Eleven members of the Lale and Taufa families perished in the blaze, including mother Teukisia Lale and her five children, aged eight to 18.
Fusi, Anna Maria, La'Haina and Kahlahni Taufa along with Ardelle Lee also lost their lives.
Three men, Tau Taufa, Mark 'Misi' Matauaina and Jerimiah Lale, escaped.
Ms Brier-Mills was asked whether she heard any smoke alarms sounding that night.
"All I could hear was crackling. The crackling of the fire. And that was it," she said.
Sergeant Brad Bardell told the inquest a major concern was the structural integrity of the house and the safety of those trying to retrieve the victims' bodies.
"When I arrived, the QFRS (Queensland Fire and Rescue Service) was still going through the process of ensuring the fire was extinguished," he told the inquest.
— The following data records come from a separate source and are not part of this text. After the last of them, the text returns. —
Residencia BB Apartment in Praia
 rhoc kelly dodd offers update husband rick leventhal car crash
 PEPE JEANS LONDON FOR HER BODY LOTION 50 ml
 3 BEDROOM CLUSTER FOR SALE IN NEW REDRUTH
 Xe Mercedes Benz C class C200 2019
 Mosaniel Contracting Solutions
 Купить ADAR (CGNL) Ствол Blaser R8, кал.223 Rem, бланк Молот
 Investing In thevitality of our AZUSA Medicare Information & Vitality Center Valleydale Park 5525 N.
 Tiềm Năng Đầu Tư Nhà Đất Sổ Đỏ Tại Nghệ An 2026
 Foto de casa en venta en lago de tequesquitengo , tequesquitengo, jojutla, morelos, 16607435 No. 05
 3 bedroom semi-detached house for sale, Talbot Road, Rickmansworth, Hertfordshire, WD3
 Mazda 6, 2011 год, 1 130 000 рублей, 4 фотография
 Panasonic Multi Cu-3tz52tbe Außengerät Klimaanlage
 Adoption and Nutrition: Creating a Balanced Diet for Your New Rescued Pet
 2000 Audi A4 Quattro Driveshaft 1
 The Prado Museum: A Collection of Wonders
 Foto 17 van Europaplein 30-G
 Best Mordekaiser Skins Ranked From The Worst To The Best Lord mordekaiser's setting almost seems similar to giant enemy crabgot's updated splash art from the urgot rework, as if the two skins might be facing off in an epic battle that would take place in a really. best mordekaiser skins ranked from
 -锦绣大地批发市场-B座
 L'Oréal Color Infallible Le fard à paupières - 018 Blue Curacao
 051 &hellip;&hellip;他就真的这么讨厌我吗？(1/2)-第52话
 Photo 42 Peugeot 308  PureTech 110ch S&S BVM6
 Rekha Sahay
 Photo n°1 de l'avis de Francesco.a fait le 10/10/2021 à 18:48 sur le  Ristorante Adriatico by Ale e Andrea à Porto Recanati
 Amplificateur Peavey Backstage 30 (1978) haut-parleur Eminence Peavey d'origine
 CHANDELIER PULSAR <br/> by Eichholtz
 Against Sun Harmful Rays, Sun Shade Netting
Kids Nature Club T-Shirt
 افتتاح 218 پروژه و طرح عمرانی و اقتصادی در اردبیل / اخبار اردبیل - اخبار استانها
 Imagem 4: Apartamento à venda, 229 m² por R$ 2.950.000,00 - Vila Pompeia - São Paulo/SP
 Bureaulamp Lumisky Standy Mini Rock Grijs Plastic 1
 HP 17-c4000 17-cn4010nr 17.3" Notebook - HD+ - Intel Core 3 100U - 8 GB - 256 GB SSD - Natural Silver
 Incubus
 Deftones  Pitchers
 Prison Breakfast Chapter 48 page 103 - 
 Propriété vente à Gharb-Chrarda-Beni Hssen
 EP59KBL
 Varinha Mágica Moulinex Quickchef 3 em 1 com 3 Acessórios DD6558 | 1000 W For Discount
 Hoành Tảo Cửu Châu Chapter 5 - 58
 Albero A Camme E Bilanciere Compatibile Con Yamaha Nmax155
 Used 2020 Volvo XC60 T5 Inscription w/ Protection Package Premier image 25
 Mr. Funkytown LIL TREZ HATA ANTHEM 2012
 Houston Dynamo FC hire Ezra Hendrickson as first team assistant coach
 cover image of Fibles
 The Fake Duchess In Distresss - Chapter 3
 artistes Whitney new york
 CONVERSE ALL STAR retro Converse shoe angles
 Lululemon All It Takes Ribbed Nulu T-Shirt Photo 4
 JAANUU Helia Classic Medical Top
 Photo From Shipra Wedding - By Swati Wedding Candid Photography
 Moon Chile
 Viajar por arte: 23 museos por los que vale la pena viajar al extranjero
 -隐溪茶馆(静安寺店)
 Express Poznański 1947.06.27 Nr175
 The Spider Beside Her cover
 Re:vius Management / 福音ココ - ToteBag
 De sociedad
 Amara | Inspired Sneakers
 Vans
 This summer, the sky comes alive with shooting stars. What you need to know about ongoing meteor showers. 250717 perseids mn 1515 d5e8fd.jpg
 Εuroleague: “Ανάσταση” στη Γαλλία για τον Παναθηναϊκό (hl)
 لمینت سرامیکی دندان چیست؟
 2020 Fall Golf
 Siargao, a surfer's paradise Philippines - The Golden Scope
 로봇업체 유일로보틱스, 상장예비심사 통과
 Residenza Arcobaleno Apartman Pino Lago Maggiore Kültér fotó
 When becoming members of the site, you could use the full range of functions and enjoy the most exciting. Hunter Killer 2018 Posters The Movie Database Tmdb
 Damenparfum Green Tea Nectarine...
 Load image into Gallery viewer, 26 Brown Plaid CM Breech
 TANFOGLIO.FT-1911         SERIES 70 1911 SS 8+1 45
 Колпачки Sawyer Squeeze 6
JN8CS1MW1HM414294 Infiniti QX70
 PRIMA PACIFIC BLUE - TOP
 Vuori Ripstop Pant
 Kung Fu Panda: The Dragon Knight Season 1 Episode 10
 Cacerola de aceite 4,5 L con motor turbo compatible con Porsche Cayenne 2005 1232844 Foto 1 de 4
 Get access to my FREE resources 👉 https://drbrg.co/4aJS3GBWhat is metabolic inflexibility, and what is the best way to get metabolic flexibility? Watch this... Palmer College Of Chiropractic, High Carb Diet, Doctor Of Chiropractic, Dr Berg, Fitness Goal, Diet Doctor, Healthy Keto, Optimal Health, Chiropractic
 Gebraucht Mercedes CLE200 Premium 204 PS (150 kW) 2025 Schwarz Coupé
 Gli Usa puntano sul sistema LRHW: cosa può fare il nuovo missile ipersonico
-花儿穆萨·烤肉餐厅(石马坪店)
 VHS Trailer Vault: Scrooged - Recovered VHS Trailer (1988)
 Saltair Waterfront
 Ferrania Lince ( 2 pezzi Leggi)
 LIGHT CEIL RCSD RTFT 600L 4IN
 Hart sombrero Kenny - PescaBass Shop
Mr Bardell listed where the victims were found in the house. He said the floor of one bedroom had collapsed to the lower level. There were seven victims retrieved from that room.
Mr Bardell said it took crews three days to shore up the shell of the home using scaffolding and reinforcements to ensure that personnel could safely collect the remains of the victims.
"It was so structurally unsafe that in any other ordinary circumstances if it was a house fire, it would've been too unsafe to risk sending people in to determine the origin and the cause."
He said the recovery of victims necessitated a thorough exploration of the home. The court was shown a series of photographs from inside the burnt out house.
Mr Bardell explained various indicators which suggested the blaze began in a downstairs study.
Pictures of the study gave an impression of the ferocity of the blaze. "Essentially, everything's been consumed," Mr Bardell said.
He told the court the remains of a cigarette packet in that room suggested a cigarette may have been an ignition point.
But Mr Bardell could not exclude a desk lamp. He said his investigations revealed at the time the desk lamp was purchased, owners were able to buy 60-watt bulbs for it. But the lamp was rated to use a bulb of up to 40-watts.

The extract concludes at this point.